A cloud of nuclear fallout has engulfed everything outside of the city you call home. Radio contact with the rest of the world has been lost and impending doom slowly creeps towards you. With each passing day it becomes harder to hold on to the concept of a functional society. The only thing left to do is to pickle yourself with brandy, chain smoke and hastily organize a death race with the last drops of fuel left on Earth.
Neville Shute’s novel, On the Beach was first published in 1957. World War II was still fresh in the mind, powerful countries had drawn their curtains leaving room for uncomfortable speculation about further conflicts and the atomic exclamation point that put an end to the war was poisoning thoughts worldwide. It was a time when it was thought that the collapse of civilization was going to come from an outside force. A xenophobic chokehold spread over western countries and silence was taken as a sign of hostile plotting. Then there was Australia.

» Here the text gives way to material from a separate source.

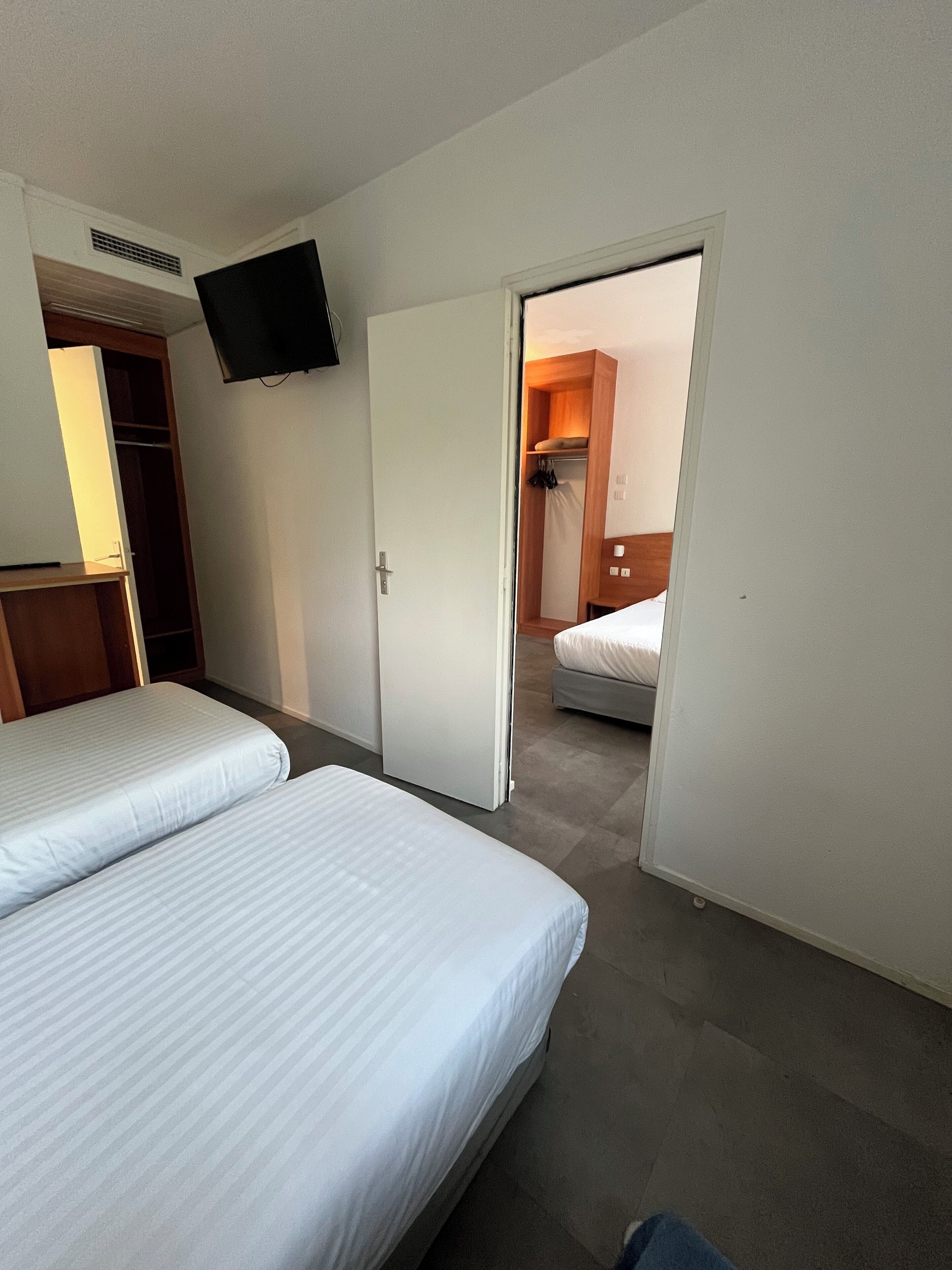 A hotel room with two beds, a wardrobe, a television mounted on the wall, and a bathroom visible through an open door.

On the Beach takes place in Melbourne, one of the southern most cities of any real population in the world. A sort of World War III has finally dawned and due to some horrible miscommunications, around 16 countries in the northern hemisphere have unleashed their cobalt cored nuclear bombs and human life is now nonexistent north of the equator. The focus of On the Beach is not the ‘why?’ of the war, but of the ‘what to do now?’ The war lasted just 37 days, leaving the population in the southern hemisphere scratching their heads. Due to the nature of the global wind currents, nuclear fallout has yet to reach as far as Australia and some South American and African countries, but it seems inevitable that it will completely encompass the world eventually.
One of the last living Americans is the captain of the U.S.S. Scorpion, Dwight Towers. He takes refuge with his sub in Melbourne and quickly makes friends with Australian navy officer Peter Holmes and his wife Mary, who are new parents struggling with familial logistics more than the coming apocalypse. They introduce Towers to a young, reckless, alcoholic named Moira. Out of these four main characters, Moira is the only one that seems to be poorly coping with the idea that their existence is limited. Everyone else seems content working at the jobs they had before the war and going about life as usual. Moira on the other hand is torn. She’s too young to start a family, which is what she really wants, so instead she resorts to living ‘loosely’ and drinking heavily.
Shute keeps the emotional tone of the story of the end of the world suppressed. Such a serious subject as committing suicide when it becomes obvious that the radiation poising is setting in is never dealt with wild sensation. The characters don’t go crazy; there are no riots, murders, rapes or drug abuse. Instead society continues as usual until the cogs in the machine can’t turn any longer. Some succumb to recklessness and vice, but overall, people stick to the order that they’re used to. The book sends a good message that we may not be able to control when we go out, but we can choose to do it with some dignity.